How can I iterate over groupby
results in pairs? What I tried isn't quite working:
from itertools import groupby,izip
groups = groupby([(1,2,3),(1,2),(1,2),(3,4,5),(3,4)],key=len)
def grouped(iterable, n):
return izip(*[iterable]*n)
for g, gg in grouped(groups,2):
print list(g[1]), list(gg[1])
Output I get:
[] [(1, 2), (1, 2)]
[] [(3, 4)]
Output I would like to have:
[(1, 2, 3)] [(1, 2), (1, 2)]
[(3, 4, 5)] [(3, 4)]
import itertools as IT
groups = IT.groupby([(1,2,3),(1,2),(1,2),(3,4,5),(3,4)], key=len)

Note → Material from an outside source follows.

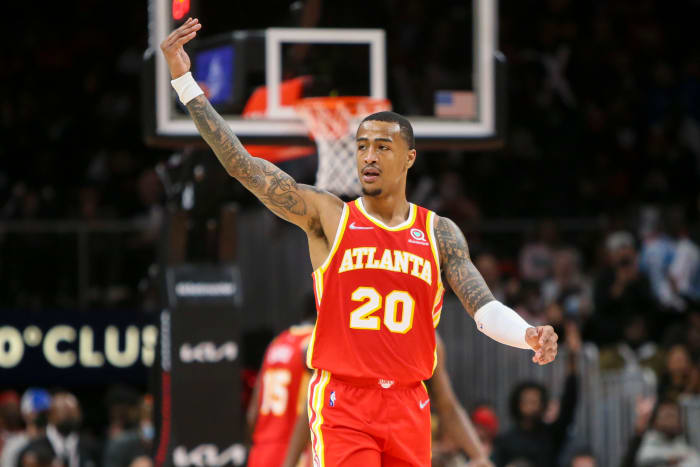 John Collins waves to the fans during a game.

groups = (list(group) for key, group in groups)
def grouped(iterable, n):
return IT.izip(*[iterable]*n)
for p1, p2 in grouped(groups, 2):
print p1, p2
yields
[(1, 2, 3)] [(1, 2), (1, 2)]
[(3, 4, 5)] [(3, 4)]
The code you posted is very interesting. It has a mundane problem, and a subtle problem.
The mundane problem is that itertools.groupby returns an iterator which outputs both a key and a group on each iteration. Since you are interested in only the groups, not the keys, you need something like
groups = (group for key, group in groups)

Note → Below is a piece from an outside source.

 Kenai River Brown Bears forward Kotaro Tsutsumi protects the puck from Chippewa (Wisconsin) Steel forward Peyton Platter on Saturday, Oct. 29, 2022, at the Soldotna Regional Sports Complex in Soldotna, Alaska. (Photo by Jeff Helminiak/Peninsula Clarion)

The subtle problem is more difficult to explain -- I'm not really sure I understand it fully. Here is my guess: The iterator returned by groupby
has turned its input,
[(1,2,3),(1,2),(1,2),(3,4,5),(3,4)]
into an iterator. That the groupby iterator is wrapped around the underlying data iterator is analogous to how a csv.reader
is wrapped around an underlying file object iterator. You get one pass through this iterator and one pass only. The itertools.izip function, in the process of pairing items in groups
, causes the groups
iterator to advance from the first item to the second. Since you only get one pass through the iterator, the first item has been consumed, so when you call list(g[1])
it is empty.
A not-so-satisfying fix to this problem is to convert the iterators in groups
into lists:
groups = (list(group) for key, group in groups)
so itertools.izip
will not prematurely consume them. Edit: On second thought, this fix is not so bad. groups
remains an iterator, and only turns the group
into a list as it is consumed.